Trailer © by Filmgalerie 451
Fakten
Jahr: 2004
Genre: Satire, Medienkritik
Regie: Christoph Schlingensief
Konzept: Christoph Schlingensief
Personen: Werner Brecht, Susanne Bredehöft, Ilse Garzaner, Achim von Paczensky
Kamera: Meika Dresenkamp, Dirk Heuer
Musik: Uwe Schenk
Schnitt: Robert Kummer
Review
FREAKSTARS 3000 ist die gelungenste Mediensatire, die ich jemals sehen durfte. Nie wurde die Absurdität des TV-Alltags gelungener aufgezeigt, nie wurde der Zuschauer, seine Begrifflichkeit von normal, sein Durst nach Wahnsinn, sein unreflektiertes Schlucken von ewig wiedergekäutem, provokanter auf die Probe gestellt.
Normal.
Was bedeutet das?
Wer definiert das?
Und wann zum Teufel wurde beschlossen, dass “normal” das Ideal ist, dem wir alle hinterher laufen müssen?
Normal gibt es nicht.
Und das beweist Christoph Schlingensief mit seiner Casting-Show FREAKSTARS 3000 so gut wie kein anderer. Ehrlicher als alles was die privaten Verdummungsanstalten uns jemals vorgesetzt haben, menschlicher als es die Bohlens, Bauses, Heidis und sämtliche anderen Zugpferde der mittlerweile leider fest etablierten professionellen Diffamierungsindustrie auch nur träumen könnten (wenn sie es denn wollten) und um längen “normaler”, weil purer und echter, als der ganze glattgebügelte Zirkus, der täglich über unsere Mattscheiben flimmert.
DSDS, Supertalent, whatever…
Neue Staffel kommt, ein Raunen geht durchs Volk: “Ey die Castings die sind SOOO lustig!” Haha, was haben wir gelacht, endlich mal wieder Freaks auslachen, endlich wieder am Scheitern anderer ergötzen!
Doch wer ist der “Freak”?
Der der sein Ding macht, oder der der drüber lacht, weil es nicht der Norm entspricht? Sollte man mal in sich horchen und die gesellschaftlich akzeptierte Antwort, die bei vielen sicher als erstes zu hören ist, wissentlich ignorieren.

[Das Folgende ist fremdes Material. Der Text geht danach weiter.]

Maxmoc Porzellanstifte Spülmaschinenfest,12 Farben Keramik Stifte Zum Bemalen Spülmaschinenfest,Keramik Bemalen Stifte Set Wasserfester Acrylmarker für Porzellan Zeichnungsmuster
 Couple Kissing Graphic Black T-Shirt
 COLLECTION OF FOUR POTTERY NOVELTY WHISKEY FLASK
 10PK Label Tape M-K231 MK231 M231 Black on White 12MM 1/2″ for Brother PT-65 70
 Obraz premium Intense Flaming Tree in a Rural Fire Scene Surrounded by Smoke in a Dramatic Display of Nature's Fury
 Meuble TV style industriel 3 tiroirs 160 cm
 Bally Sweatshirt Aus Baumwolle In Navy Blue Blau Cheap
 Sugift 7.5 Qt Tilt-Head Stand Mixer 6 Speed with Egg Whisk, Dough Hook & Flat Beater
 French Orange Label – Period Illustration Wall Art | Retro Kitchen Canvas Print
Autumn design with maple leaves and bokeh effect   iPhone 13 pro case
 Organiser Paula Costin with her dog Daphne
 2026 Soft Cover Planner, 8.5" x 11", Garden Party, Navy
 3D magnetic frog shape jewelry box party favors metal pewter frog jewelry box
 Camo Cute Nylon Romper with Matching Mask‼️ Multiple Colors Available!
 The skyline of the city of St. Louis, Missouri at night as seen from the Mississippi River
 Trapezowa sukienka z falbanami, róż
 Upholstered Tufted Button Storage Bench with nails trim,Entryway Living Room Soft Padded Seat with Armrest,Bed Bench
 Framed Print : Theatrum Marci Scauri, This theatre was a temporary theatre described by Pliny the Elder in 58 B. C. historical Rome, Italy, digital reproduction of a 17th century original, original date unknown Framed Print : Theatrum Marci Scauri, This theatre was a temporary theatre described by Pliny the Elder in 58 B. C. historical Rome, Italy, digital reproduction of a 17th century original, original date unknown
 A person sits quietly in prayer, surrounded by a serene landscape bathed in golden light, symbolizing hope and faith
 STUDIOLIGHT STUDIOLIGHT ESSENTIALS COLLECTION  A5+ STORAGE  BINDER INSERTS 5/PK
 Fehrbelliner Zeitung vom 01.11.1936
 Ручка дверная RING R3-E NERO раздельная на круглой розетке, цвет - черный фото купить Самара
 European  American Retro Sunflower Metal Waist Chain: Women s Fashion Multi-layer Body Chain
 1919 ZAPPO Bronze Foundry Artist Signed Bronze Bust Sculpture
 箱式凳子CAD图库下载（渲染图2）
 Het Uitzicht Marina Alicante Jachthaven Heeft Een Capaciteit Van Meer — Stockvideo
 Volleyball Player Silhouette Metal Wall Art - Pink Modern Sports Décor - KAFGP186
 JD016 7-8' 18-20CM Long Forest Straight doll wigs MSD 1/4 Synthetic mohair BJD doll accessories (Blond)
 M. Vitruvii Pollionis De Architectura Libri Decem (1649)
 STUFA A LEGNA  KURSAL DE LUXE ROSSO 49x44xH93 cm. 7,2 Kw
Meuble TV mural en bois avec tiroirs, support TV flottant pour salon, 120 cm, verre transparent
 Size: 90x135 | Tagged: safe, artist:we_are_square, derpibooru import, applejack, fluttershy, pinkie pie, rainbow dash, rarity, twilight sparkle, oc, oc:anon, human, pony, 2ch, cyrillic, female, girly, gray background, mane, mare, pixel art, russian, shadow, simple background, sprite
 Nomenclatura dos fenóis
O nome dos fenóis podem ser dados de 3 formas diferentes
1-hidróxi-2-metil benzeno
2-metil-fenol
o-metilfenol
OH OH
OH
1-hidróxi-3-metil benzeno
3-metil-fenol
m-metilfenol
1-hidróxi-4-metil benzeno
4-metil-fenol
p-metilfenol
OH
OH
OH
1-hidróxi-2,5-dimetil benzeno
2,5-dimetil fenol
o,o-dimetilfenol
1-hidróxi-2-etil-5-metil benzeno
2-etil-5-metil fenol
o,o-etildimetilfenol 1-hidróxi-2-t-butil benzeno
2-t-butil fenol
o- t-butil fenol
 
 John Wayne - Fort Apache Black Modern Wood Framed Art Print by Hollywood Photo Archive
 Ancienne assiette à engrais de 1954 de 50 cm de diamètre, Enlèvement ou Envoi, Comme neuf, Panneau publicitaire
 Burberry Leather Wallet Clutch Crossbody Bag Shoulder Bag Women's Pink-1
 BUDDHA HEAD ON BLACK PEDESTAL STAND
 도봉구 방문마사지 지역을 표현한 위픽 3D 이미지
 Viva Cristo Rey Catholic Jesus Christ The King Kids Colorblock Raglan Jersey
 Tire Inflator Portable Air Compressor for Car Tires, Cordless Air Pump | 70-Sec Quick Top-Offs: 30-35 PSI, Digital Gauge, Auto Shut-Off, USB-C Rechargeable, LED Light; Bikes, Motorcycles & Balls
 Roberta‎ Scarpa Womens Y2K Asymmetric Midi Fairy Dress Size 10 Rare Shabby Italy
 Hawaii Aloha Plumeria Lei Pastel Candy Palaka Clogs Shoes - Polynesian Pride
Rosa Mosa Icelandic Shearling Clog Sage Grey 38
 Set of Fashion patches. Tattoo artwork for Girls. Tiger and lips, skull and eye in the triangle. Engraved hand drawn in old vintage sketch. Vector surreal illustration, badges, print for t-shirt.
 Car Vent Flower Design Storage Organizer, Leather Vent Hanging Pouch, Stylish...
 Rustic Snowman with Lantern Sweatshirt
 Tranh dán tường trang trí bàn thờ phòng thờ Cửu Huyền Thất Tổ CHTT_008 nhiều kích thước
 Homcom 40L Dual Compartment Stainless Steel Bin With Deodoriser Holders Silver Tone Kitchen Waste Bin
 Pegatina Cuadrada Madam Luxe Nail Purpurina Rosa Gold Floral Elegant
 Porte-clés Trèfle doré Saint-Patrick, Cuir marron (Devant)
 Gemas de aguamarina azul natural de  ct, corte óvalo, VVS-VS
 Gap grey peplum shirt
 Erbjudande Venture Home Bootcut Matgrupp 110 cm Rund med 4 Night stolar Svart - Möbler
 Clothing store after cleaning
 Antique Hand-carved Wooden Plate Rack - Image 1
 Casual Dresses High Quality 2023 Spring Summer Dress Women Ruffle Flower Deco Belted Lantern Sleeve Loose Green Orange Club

Dann noch tiefer horchen und vielleicht zu folgender Frage kommen: Mit dem Herzen dabei sein, inbrünstig und leidenschaftlich, oder sich von gesellschaftlicher Norm, falschen Zielen, leeren Statussymbolen, verpuffendem Ruhm, hohlen Leitmotiven mitreißen lassen? Was zählt wirklich?
Also wer ist der “Freak”?
Der Frage muss man auf den Grund gehen, sie diskutieren. Aber Worte führen zu nichts, Taten sprechen einfach ein deutlichere Sprache: Man nehme eine Handvoll unbedarfter Menschen, werfe sie in eine für sie völlig neue Situation und lasse sie handeln wie sie möchten. Was kommt dabei raus?
Der von Schlingensief durch gezielte Überspitzung der gängigen Manipulations-Mechanismen sauber nach außen beförderte Kern einer grotesken medialen Landschaft. Das, was niemand mehr wahrnimmt, weil es zu “normal” ist um es zu hinterfragen: Im Presseclub schreien Egomanen durcheinander, in der Werbung wird uns der letzte Müll als Gold angepriesen, in Castings wird mit schablonenhafter Präzision auch die letzte Kante von Bewerber XY entfernt, damit die geleckte Hülle sich nahtlos in den normativen Kontext der Autotune/Photoshop-Welt einfügt.
Funktionieren statt kreieren.
Konsumieren statt reflektieren.
Vielleicht ist dieser Kern der “Freak”?
Vielleicht jeder, der sich diesem Kern widerstandslos hingibt?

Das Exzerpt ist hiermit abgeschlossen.